High mutation rates can explain the rapid turnover of short tandem repeats
The rates of mutation in tandem repeats in our D. pulex MA lines were extremely high, ranging from 0.29 to 105 copy changes per generation for a given kmer sequence. Our mutation rates include the sum of changes across all loci of a particular kmer, thus can include both loss/gain of entire repeat arrays (i.e., from recombination) and changes in the number of repeats within individual loci (i.e., from replication slippage).
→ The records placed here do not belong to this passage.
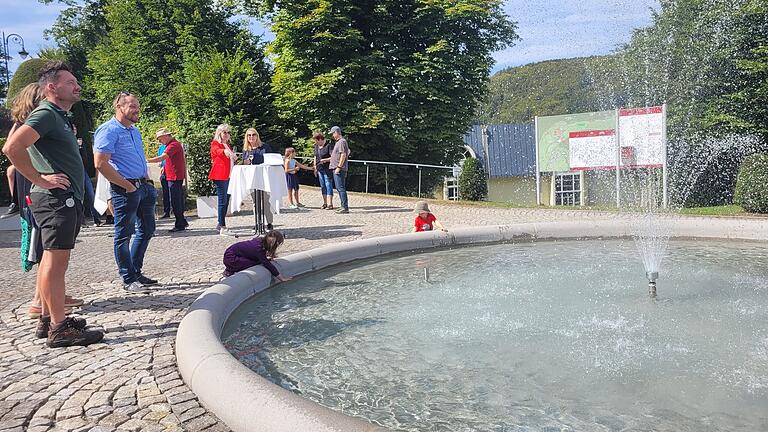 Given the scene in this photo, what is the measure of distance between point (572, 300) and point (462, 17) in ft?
71.4

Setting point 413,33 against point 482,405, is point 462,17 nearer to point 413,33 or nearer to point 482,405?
point 413,33

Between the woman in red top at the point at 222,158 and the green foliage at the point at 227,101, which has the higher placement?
the green foliage at the point at 227,101

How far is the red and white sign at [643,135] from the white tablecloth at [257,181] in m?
10.1

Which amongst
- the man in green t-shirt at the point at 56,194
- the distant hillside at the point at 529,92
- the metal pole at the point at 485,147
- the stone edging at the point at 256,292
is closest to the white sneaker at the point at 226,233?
the stone edging at the point at 256,292

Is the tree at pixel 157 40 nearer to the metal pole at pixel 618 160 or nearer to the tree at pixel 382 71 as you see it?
the tree at pixel 382 71

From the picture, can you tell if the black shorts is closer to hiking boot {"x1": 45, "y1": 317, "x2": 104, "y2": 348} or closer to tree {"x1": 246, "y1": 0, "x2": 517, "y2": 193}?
hiking boot {"x1": 45, "y1": 317, "x2": 104, "y2": 348}

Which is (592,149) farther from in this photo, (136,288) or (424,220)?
(136,288)

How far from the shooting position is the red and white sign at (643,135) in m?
15.5

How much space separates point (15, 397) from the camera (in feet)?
10.8

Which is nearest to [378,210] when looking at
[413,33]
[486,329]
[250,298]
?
[250,298]

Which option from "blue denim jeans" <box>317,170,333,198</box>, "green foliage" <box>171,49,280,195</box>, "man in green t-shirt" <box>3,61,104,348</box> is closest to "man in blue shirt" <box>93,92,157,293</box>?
"man in green t-shirt" <box>3,61,104,348</box>

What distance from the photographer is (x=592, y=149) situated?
16.5 metres

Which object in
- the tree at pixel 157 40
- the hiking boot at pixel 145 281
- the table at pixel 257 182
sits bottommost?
the hiking boot at pixel 145 281

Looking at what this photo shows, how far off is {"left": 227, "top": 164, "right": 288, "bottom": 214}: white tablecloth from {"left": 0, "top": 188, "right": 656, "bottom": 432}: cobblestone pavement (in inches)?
28.7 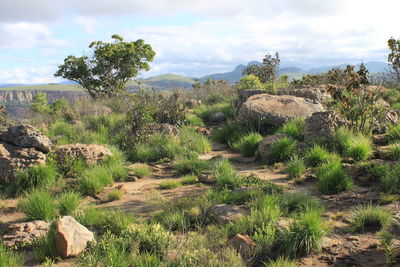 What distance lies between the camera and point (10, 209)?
6016 mm

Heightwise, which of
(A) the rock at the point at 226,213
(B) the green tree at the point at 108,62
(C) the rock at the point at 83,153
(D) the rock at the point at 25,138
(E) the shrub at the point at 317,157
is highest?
(B) the green tree at the point at 108,62

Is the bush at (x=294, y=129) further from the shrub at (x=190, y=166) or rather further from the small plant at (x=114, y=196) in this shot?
the small plant at (x=114, y=196)

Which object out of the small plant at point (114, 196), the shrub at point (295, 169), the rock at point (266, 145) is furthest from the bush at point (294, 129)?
the small plant at point (114, 196)

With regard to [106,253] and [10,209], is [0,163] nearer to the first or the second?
[10,209]

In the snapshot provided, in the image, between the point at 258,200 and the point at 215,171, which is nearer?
the point at 258,200

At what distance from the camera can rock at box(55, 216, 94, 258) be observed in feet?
13.8

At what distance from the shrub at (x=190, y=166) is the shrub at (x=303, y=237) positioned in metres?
3.72

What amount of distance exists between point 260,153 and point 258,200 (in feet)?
11.5

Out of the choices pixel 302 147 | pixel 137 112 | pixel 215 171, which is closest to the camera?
pixel 215 171

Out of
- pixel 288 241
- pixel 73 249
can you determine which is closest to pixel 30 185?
pixel 73 249

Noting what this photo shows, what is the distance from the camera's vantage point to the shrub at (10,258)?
389cm

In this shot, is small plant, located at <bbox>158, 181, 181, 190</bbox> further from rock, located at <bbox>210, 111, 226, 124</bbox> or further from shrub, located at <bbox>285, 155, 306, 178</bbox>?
rock, located at <bbox>210, 111, 226, 124</bbox>

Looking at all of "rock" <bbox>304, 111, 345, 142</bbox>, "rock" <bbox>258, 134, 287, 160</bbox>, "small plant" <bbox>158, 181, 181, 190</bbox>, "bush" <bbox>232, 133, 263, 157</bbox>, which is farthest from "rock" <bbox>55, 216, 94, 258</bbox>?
"rock" <bbox>304, 111, 345, 142</bbox>

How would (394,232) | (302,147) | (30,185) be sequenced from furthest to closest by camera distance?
(302,147) < (30,185) < (394,232) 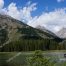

This also makes our study distinct from previous studies of microsatellite mutation rates that have focused on single loci (Seyfert et al. 2008). Here, mutation rates estimated on a per-copy basis for short tandem repeats that we examined were on the order of 10−3 copies/generation/copy. Seyfert et al. (2008) estimated the per locus mutation rate of D. pulex dinucleotide microsatellites 13–47 repeats long to be on the order of 10−5 to 10−4 copies/locus/generation. This indicates not only that the tandem repeat arrays we investigated are present as multiple loci and long arrays, but that they mutate at much higher rates than microsatellites previously studied. One contributing factor could be that the short microsatellite arrays are more constrained since they are often found in introns, coding regions, or within ribosomal gene spacer sequences (Colbourne et al. 2004; Ellegren 2004). Past studies of microsatellites have found that rates of mutation are positively correlated with the number of repeats, but limited data points prevented the determination of a linear relationship (Wierdl et al. 1997; Brinkmann et al. 1998). We had mutation rate estimates for 39 repeat sequences ranging in abundance from 100 to 50,000 copies and found a significant positive linear correlation between copy number and mutation rate. This suggests a simple relationship between the number of copy units present and the potential for copy units to be gained or lost, consistent with replication slippage being the dominant mechanism of mutation (Schlötterer 2000). We also found that expansions are more common than contractions, indicating that tandem repetitive DNA in Daphnia has the intrinsic tendency to expand, which is in agreement with the consensus finding in microsatellites across taxa [reviewed in Ellegren (2004)].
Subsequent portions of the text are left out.